Path Work

Many of our rights of way are natural unsurfaced paths through grass, maybe between hedges. Unfortunately, this ‘intimacy’ with nature can become unwelcome when vigorous growth of nettles, brambles and hedges - especially from May and through the summer - can start to block the paths. Regular walking of the paths identifies the potential problems and in itself helps keep them clear.

We can then take steps to keep paths clear; Ken Hawkins is also the Footpath Warden for Dereham Town Council and he (and other volunteers) can regularly be seen busily trying to clear routes as fast as the shrubbery can grow up.

If you spot a problem or can help with the work please get in touch with Ken.

In addition, we also work to encourage action from those with responsibility to keep paths open and welcoming. For example major improvements have been made following our representations, such as work on Footpath 1/1a, and Footpath 14.

Here are just a few examples of path our efforts:

Report on progress with footpath 14.
Strong winds have taken their toll with a number of medium sized trees falling, this time we need the chainsaw.
Clearing dumped rubbish and litter from footpaths 11 and 14.
TCV logo With help again from the Norfolk branch of The Conservation Volunteers RB30 is now safe to walk.
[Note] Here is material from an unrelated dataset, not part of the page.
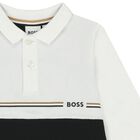 Younger Boys White & Black Logo Polo Shirt, 1, hi-res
The speed of summer growth is a problem. This is especially true with some of the paths which have recently been brought back into use as the nettles and brambles will have strong roots. As long as we keep at it, over time this will become more easily manageable.
Clearing nettles and litter from footpath 14.
TCV logo Help from volunteer groups is most welcome when we have a difficult problem. We are grateful for the help from the Norfolk branch of The Conservation Volunteers who cleared dozens of tree stumps from Restricted Byway 28.
Clearing brambles from Restricted Byways 30 and 31.
Fallen branches being cleared to increase headroom.
Heavy duty mower clearing path edges.
Repairing the board-walk between Stone Rd and Scarning Fen.
A chainsaw is sometimes welcome when a path has been disused for sometime.